Metallic sodium is considered the most likely anode material to replace metallic lithium owing to its high theoretical capacity, abundant reserves, and low cost. However, the uneven deposition and agglomerate deposition of Na often result in low coulombic efficiency and inferior lifetime during cycling. Here, by phosphorizing treatment, a sodiophilic phosphorized copper mesh (PCM) has been achieved as the metallic sodium-host current collector for the first time; then through in situ electrochemical reaction construct, sodiophilic Na-Cu-P composite layer, which has a fast electronic/ionic conductivity and strong adsorption ability with sodium, thereby greatly mitigating electrodeposition overpotential for improving Na plating/stripping behaviors.

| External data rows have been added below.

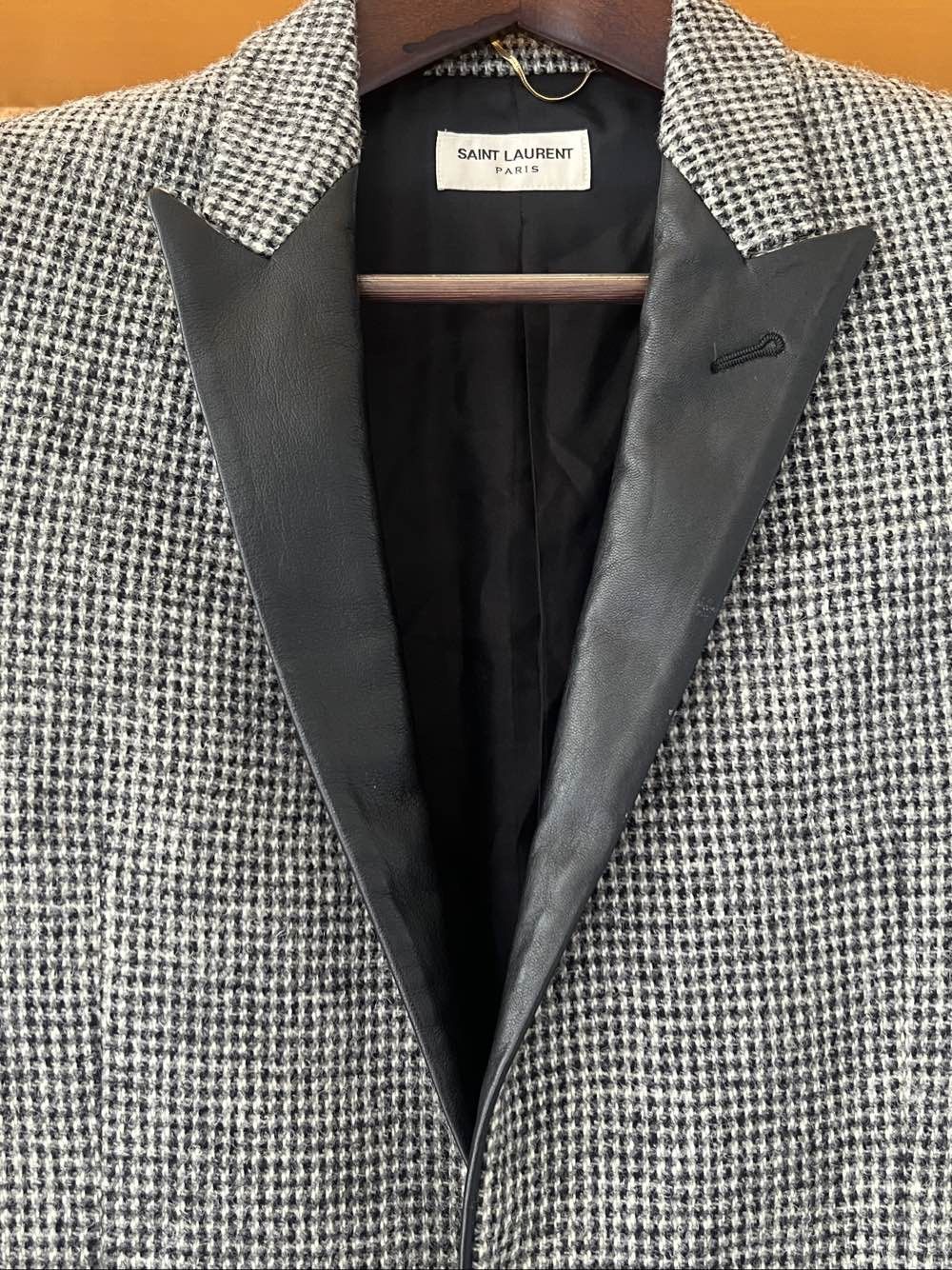 Saint Laurent Paris Saint Laurent Houndstooth Leather Lapel Blazer Size 34 Size XS / US 0-2 / IT 36-38 - 5 Thumbnail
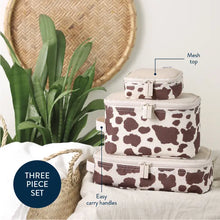 Load image into Gallery viewer, Pack Like A Boss Diaper Bag Packing Cubes - Giddy Up! Cow Print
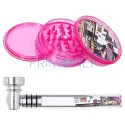 set pipa din sticla cu grinder si sita pentru pipa Dream 28 Lady Hornet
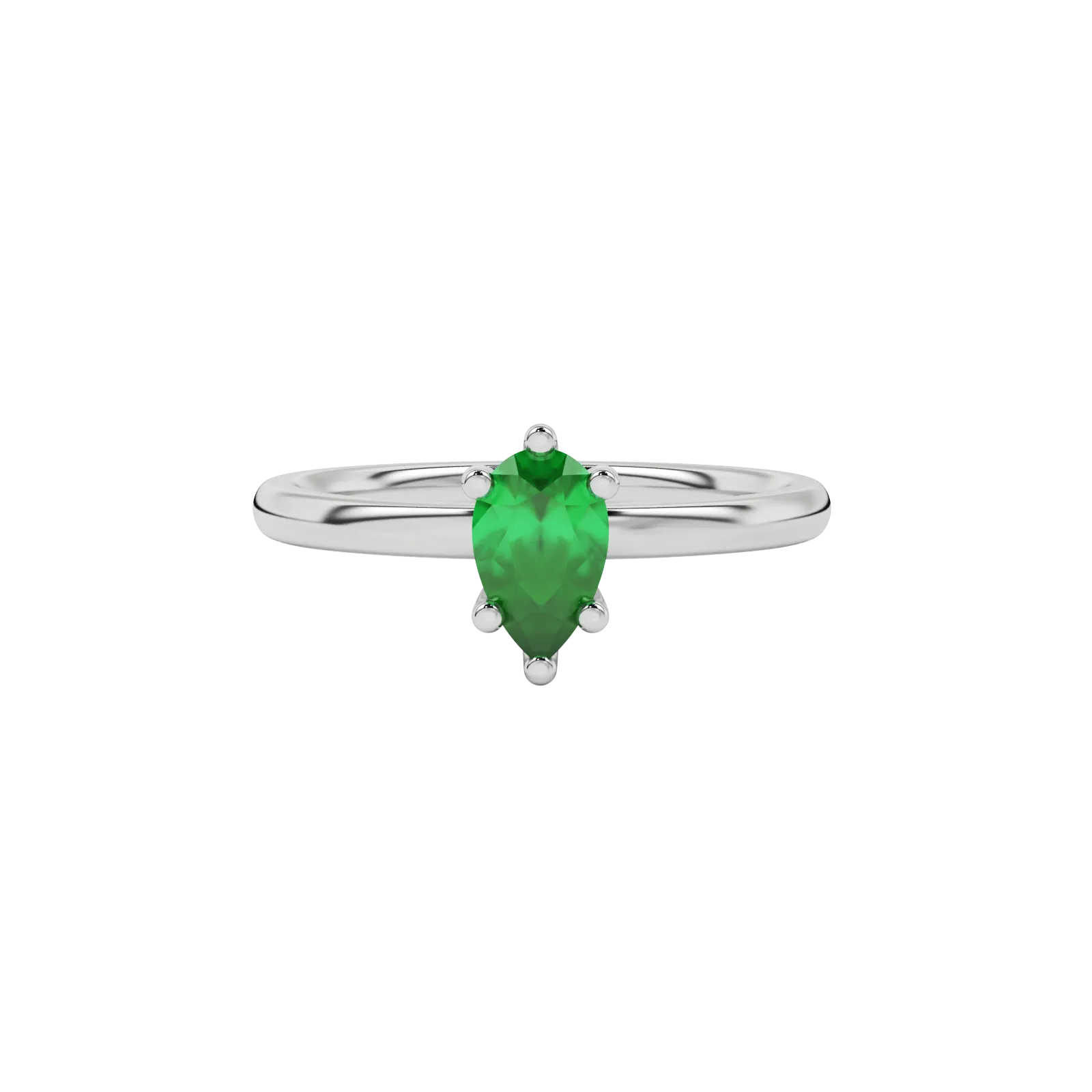 Close-up emerald green gemstone ring, white gold six-prong setting.
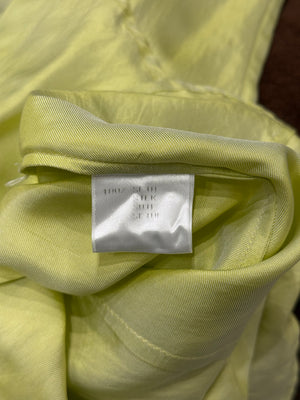 2000s Roberto Cavalli lime green silk shirt with flared cuffs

Meanwhile, the cross-linked mesh skeleton significantly diminishes the local current density, thus achieving highly reversible Na plating/stripping behavior with dendrite-free and "dead Na"-free. Consequently, the PCM electrode can maintain a high coulombic efficiency (∼99.96%) over 1000 cycles at 5 mA cm −2 and exhibit an ultra-low electrodeposition overpotential from 0.5 mA cm −2 to 10 mA cm −2 in a half-cell. Similarly, the symmetrical cell displays superior cycling stability with low overpotential. Furthermore, the PCM@Na anode delivers excellent cycling/rate performance when paired with Prussian blue (PB) cathode in full-cell. Herein, we successfully introduce a sodiophilic Na-Cu-P composites via in situ alloying reaction, which can greatly mitigate the tip/growth/nucleation overpotential during Na deposition, thereby to realize a stable Na plating/stripping behaviors.